Topoisomerase IIIβ Deficiency Induces Neuro-Behavioral Changes and Brain Connectivity Alterations in Mice

Topoisomerase IIIβ (Top3β), the only dual-activity topoisomerase in mammals that can change topology of both DNA and RNA, is known to be associated with neurodevelopment and mental dysfunction in humans. However, there is no report showing clear associations of Top3β with neuropsychiatric phenotypes in mice. Here, we investigated the effect of Top3β on neuro-behavior using newly generated Top3β deficient (Top3β−/−) mice. We found that Top3β−/− mice showed decreased anxiety and depression-like behaviors. The lack of Top3β was also associated with changes in circadian rhythm.

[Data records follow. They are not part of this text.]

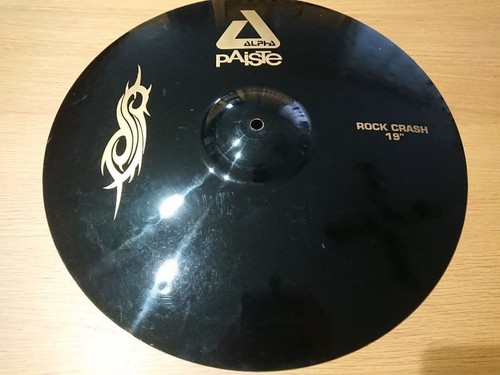 Paiste alpha black rock crash - alpha,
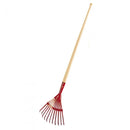 hark 11 tanden 97 x 25 cm rood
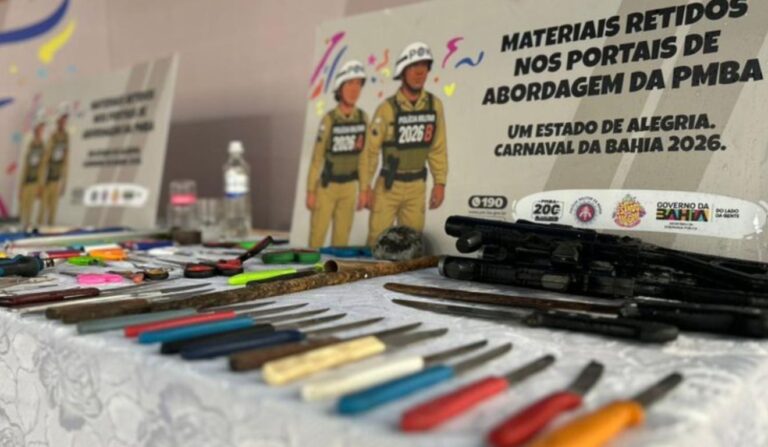 PM apreende mais de 500 itens proibidos nos circuitos oficiais do…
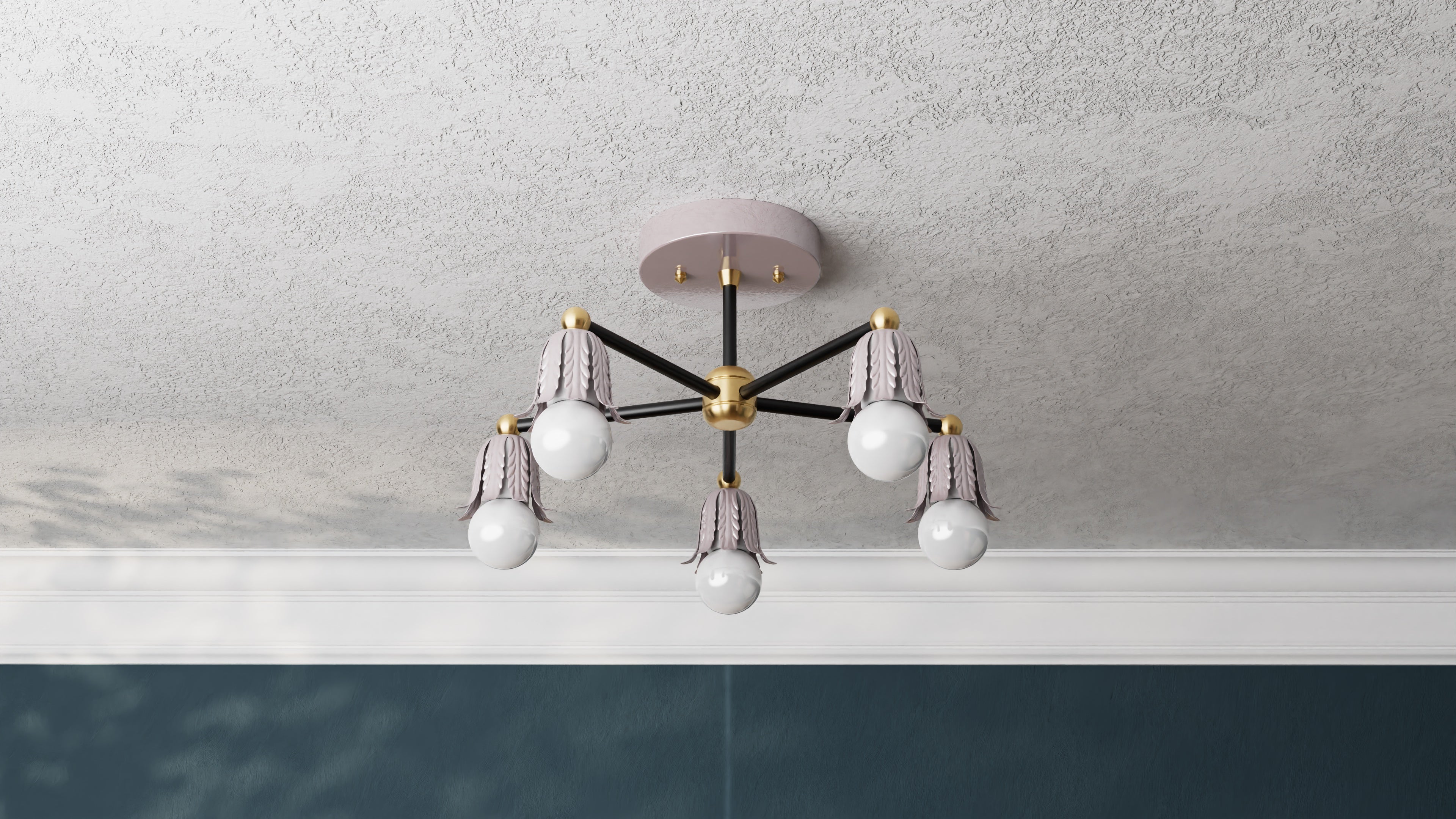 Kate McEnroe New York Baird - Five Light Semi Flush FixtureSemi Flushsku - 39247423111319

In addition, a clear expression of Top3β was demonstrated in the central nervous system of mice. Positron emission tomography/computed tomography (PET/CT) analysis revealed significantly altered connectivity between many brain regions in Top3β−/− mice, including the connectivity between the olfactory bulb and the cerebellum, the connectivity between the amygdala and the olfactory bulb, and the connectivity between the globus pallidus and the optic nerve. These connectivity alterations in brain regions are known to be linked to neurodevelopmental as well as psychiatric and behavioral disorders in humans. Therefore, we conclude that Top3β is essential for normal brain function and behavior in mice and that Top3β could be an interesting target to study neuropsychiatric disorders in humans.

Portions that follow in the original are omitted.